JP2009195935A - Plunger sleeve and manufacturing method therefor - Google Patents

Abstract

<P>PROBLEM TO BE SOLVED: To provide a plunger sleeve having superior durability to sliding wear generated with a plunger tip, and a manufacturing method therefore. <P>SOLUTION: A small diameter surface 3a positioned on the injection port 6 side and having relatively small diameter and a large diameter surface 3b positioned on the side away from the injection port 6 compared with the small diameter surface 3a and having diameter larger than the small diameter surface 3a, are formed in the inner periphery of the sleeve body 3 of the plunger sleeve 1. A spray coating layer 7 of ceramic is formed on the large diameter surface 3b, and the sliding surface 4 of the plunger tip 2 is constituted of the inner peripheral surface 7a of the spray coating layer 7 and the small diameter surface 3a of the sleeve body 3 adjacent to the inner peripheral surface 7a in the axial direction. In detail, the sliding surface 4 is constituted of the inner peripheral surface 7a of the spray coating layer 7 in a low speed side region and of the small diameter surface 3a of the sleeve body 3 in a high speed side region, making as boundary a switch position Ps for switching of the plunger tip 2 from low speed sliding to high speed sliding. The small diameter surface 3a is polished to be within the range of prescribed surface roughness. <P>COPYRIGHT: (C)2009,JPO&INPIT

Description

  The present invention mainly relates to a plunger sleeve for die casting and a manufacturing method thereof.

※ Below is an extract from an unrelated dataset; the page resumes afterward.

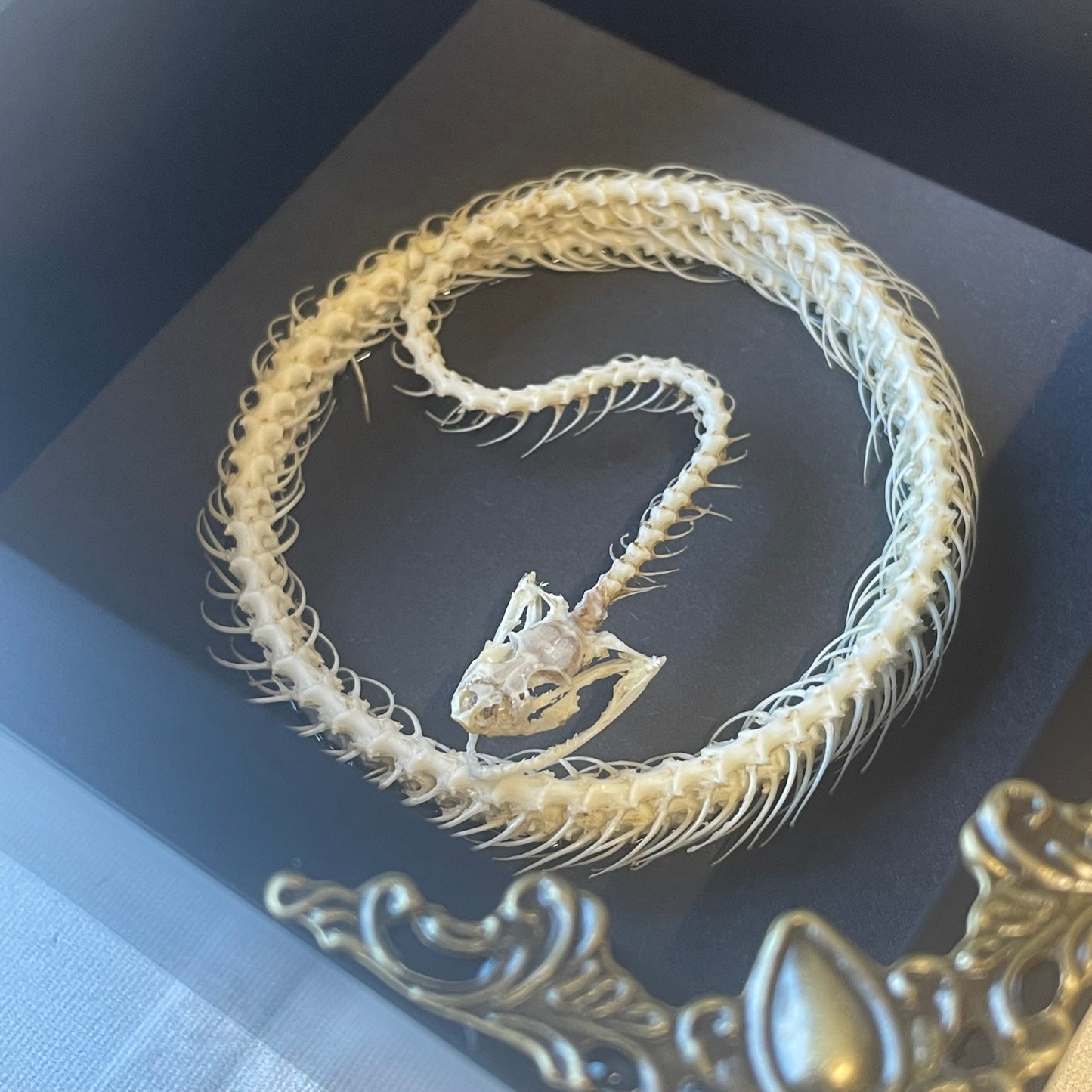 Painted Bronzeback Snake (Dendrelaphis pictus) Coiled Skeleton in Baroque Style Deep Shadow Box Frame Display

  A plunger of a die casting machine is generally provided with a plunger sleeve and a plunger tip fitted into the plunger sleeve. Here, at the time of die casting, the molten metal is supplied from a pouring port provided in the plunger sleeve, the plunger tip is driven forward by a cylinder or the like, and the molten metal is injected into the cavity of the molding die. Therefore, the plunger sleeve is required to have resistance to melting and abrasion against the molten metal. In addition, high heat insulation is also required in order to suppress the occurrence of inclusions such as broken chills.

  Further, in this type of plunger sleeve, it is necessary to pay attention to air entrainment that occurs when the molten metal is injected from the molten metal port in order to stabilize the molding quality. Therefore, at the beginning of the sliding of the plunger chip, the sliding is performed at a low speed, and thereafter, switching to a high speed sliding is performed for the purpose of obtaining an injection pressure into the mold cavity.

  As this type of plunger sleeve, for example, in Patent Document 1 below, the entire inner peripheral surface of the plunger sleeve that is in contact with the molten metal and on which the plunger tip slides is formed with a sprayed layer made of alloy tool steel such as SKD61. Is disclosed.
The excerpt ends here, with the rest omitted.